5.4. Implication for Tight Oil Recovery

The pore structures have a crucial influence on the fluid-dynamic behavior of tight sandstone reservoirs by governing their storage space and flow capacity, thereby impacting the reservoir quality (e.g., porosity and permeability) and oil recovery [23]. The flow capacity is enhanced as the pore–throat size increases and pore-size distribution improves. Conversely, the complex micropore–microthroat networks and heterogeneity in tight oil reservoirs severely limit the fluid mobility, hydrocarbon accumulation, and enhancement of oil recovery [80]. In heterogeneous tight sandstones, identifying key fluid flow units through multi-scale and quantitative pore structure parameters can provide a scientific basis for methods such as precision hydraulic fracturing, chemical flooding, and nano-assisted flooding, thereby markedly improving oil recovery.
The Type A pore structure provides low-resistance channels for fluids, significantly enhancing the permeability and oil productivity of the reservoirs. The coarse pores and wide throats create low capillary entry pressures and high absolute permeability, enabling an efficient hydrocarbon flow and typically higher initial production rates. The fluid mobility and oil recovery of the Type B pore structure show a moderate level. A balanced pore–throat geometry delivers moderate capillary pressures alongside reasonable connectivity, supporting both storage and flow properties that favor sustained oil recovery under conventional water flooding or a gas injection. In the Type C pore structure, although medium-sized throats can form flow channels, the reduced pore volumes limit the total storage and raise the heterogeneity, leading to increased residual oil saturation and requiring targeted displacement strategies to improve the tight oil recovery. The fluid-filling capacity is governed by capillary entry pressure: the lower the capillary pressure, the easier for fluid to fill. The coarse throats in the Type D pore structure markedly reduce the entry pressure. Therefore, despite exhibiting only medium pore sizes, the reservoirs display an excellent flow capacity and correspondingly enhanced tight oil production rates. The narrow throats in the Type E pore structure increase the capillary pressures, generating strong Jamin effects, which impedes the spontaneous imbibition [81]. Consequently, both water and oil flooding efficiencies are markedly reduced and oil recovery is correspondingly limited. The Type F pore structures are mainly composed of micro-nano pores, with narrow and dispersed throats, which are unfavorable for the migration and accumulation of oil and gas [82]. The combined fine-pore and fine-throat network almost blocks the conventional displacement flow.

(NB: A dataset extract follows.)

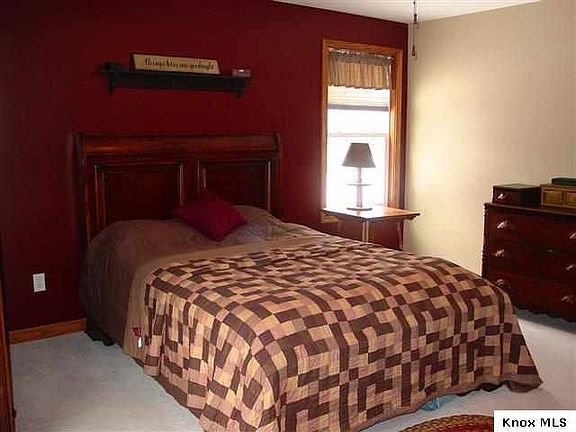 3rd image of 910 Winesap Dr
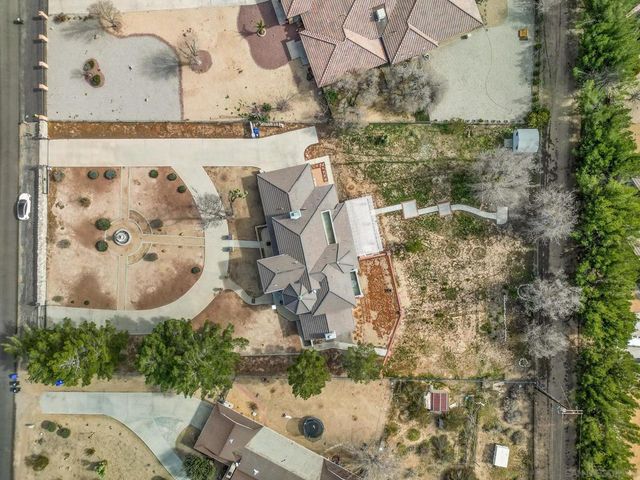 19775 Symeron Rd, Apple Valley, CA 92307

It is necessary to rely on high-pressure hydraulic fracturing or nano-modified displacement agents to improve connectivity and enhance oil recovery.

6. Conclusions

(1)
Quantitative pore structure analysis identifies six types: In turbidite sandstones, pores and throats range from coarse-coarse (Type A) through medium-medium (Type B) to fine-medium (Type C). In delta front sandstones, they progress from medium-coarse (Type D) via medium-fine (Type E) to fine-fine (Type F). The integration of HPMI, NMR, and SEM data reveals that turbidite reservoirs exhibit comparatively enhanced pore structure characteristics relative to those of delta front tight sandstones.
(2)
Sedimentation furnishes the material basis for reservoir space development. Two depositional settings are classified into six reservoir lithofacies—three turbidite (Type A: fine sandstone; Type B: siltstone; Type C: argillaceous siltstone) and three delta front (Type D: fine-siltstone; Type E: calcareous siltstone; Type F: argillaceous layered siltstone)—each directly linked to a specific pore structure type. This lithofacies–pore correlation clarifies how contrasting sedimentary processes govern the structure and connectivity of reservoir pore systems.
(3)
Diagenesis governs reservoir pore structures: compaction and cementation diminish the porosity, whereas dissolution augments it. Accordingly, six diagenetic facies—medium compaction–medium cementation–strong dissolution; medium compaction–medium cementation–weak dissolution; medium compaction–strong cementation–weak dissolution; medium compaction–strong cementation–strong dissolution; strong compaction–strong cementation–medium dissolution; and strong compaction–strong cementation–weak dissolution—are defined, each mapping to pore structure Types A–F, respectively.
(4)
The reservoir pore structures in the study area result from the interplay of sedimentary and diagenetic controls, with six combined lithofacies and diagenetic facies defining distinct pore structure types. An optimal coarse pore–coarse throat pore structure (Type A) develops in turbidite fine sandstone lithofacies under medium compaction–medium cementation–strong dissolution diagenetic facies. Conversely, the poorest fine-pore–fine-throat pore structure (Type F) occurs in delta front argillaceous layered siltstone lithofacies subjected to strong compaction, strong cementation, and weak dissolution. Furthermore, turbidite reservoirs generally exhibit higher oil contents than delta front counterparts, and the oil content systematically declines as the pore structures transition from Type A to Type F.

Author Contributions

Conceptualization, L.R. and D.C.; Methodology, L.R.; Software, F.W.; Formal analysis, J.C. and F.W.; Investigation, L.R., Y.W., W.L. and M.J.; Data curation, L.R.; Writing—original draft, L.R. and Y.W.; Writing—review & editing, D.C. and Q.W.; Visualization, L.R. and J.C.; Supervision, D.C. All authors have read and agreed to the published version of the manuscript.

Funding

This research was funded by the National Major Science and Technology Projects of China grant number 2024ZD14001-001. And the APC was funded by 2024 AAPG Foundation Grants-in-Aid Program grant number Fred A. & Jean Dix Named Grant.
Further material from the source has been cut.